• [Exercise]
Apart from the pictures, every line below is to be set down exactly.

=-=-=-=-=

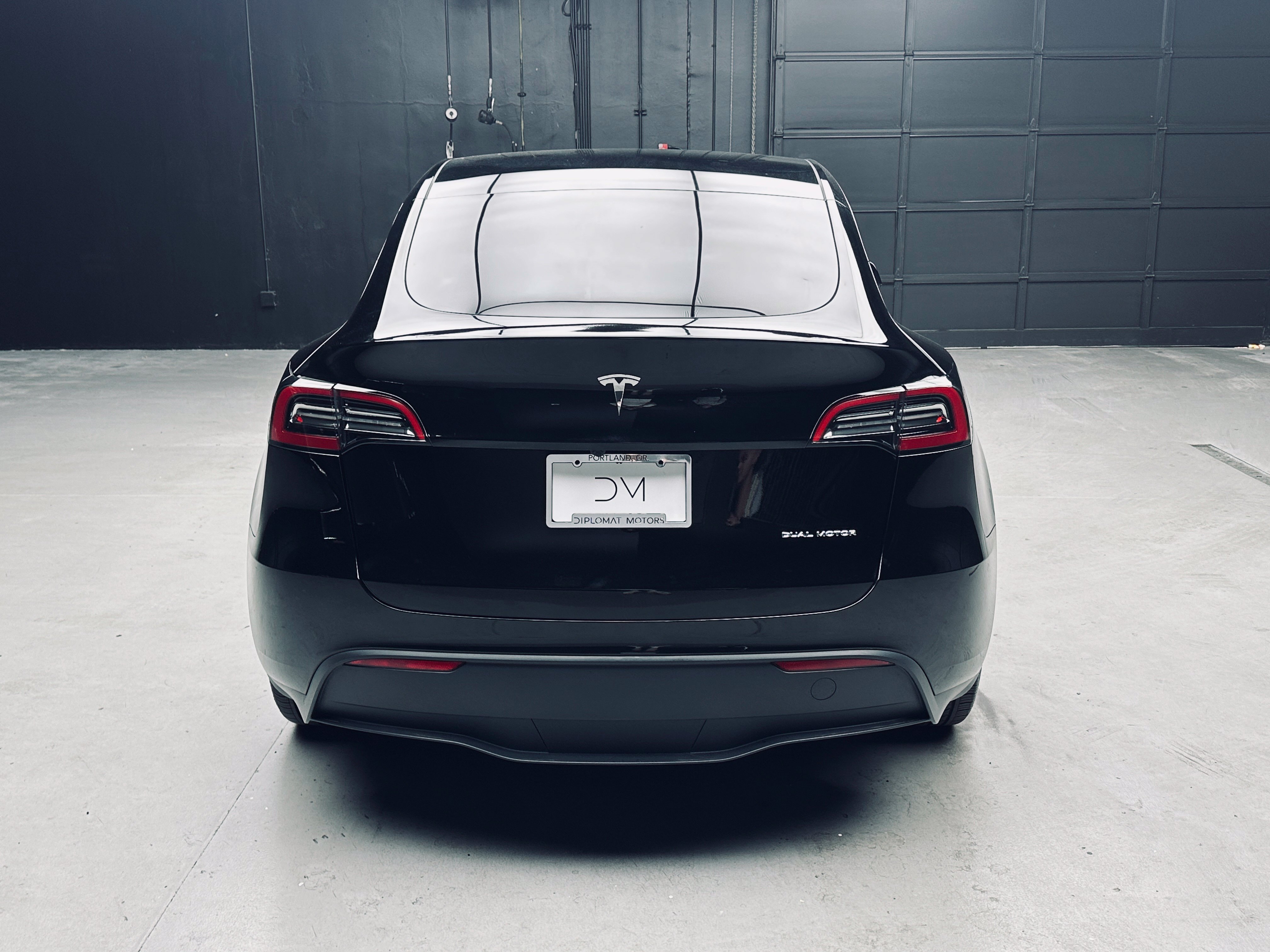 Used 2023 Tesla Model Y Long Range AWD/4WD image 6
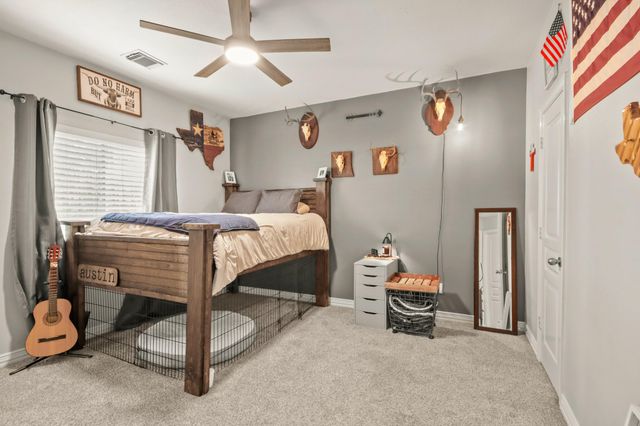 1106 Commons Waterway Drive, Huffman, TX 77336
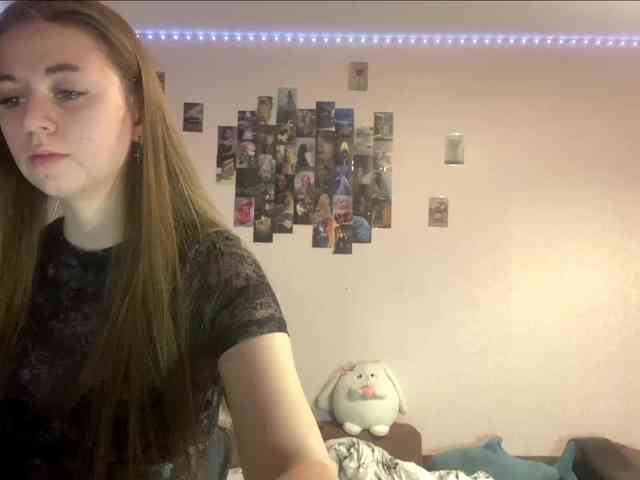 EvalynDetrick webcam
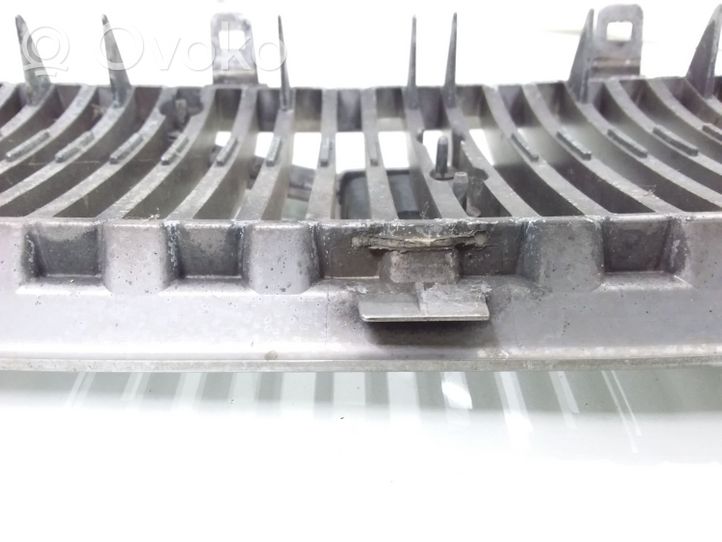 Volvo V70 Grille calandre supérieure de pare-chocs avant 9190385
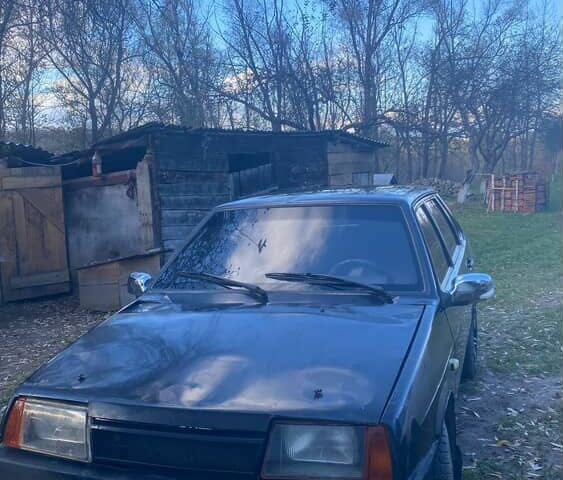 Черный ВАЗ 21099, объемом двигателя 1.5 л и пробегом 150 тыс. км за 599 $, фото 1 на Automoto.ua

=-=-=-=-=

• [Task response]
 Used 2023 Tesla Model Y Long Range AWD/4WD image 6
 1106 Commons Waterway Drive, Huffman, TX 77336
 EvalynDetrick webcam
 Volvo V70 Grille calandre supérieure de pare-chocs avant 9190385
 Черный ВАЗ 21099, объемом двигателя 1.5 л и пробегом 150 тыс. км за 599 $, фото 1 на Automoto.ua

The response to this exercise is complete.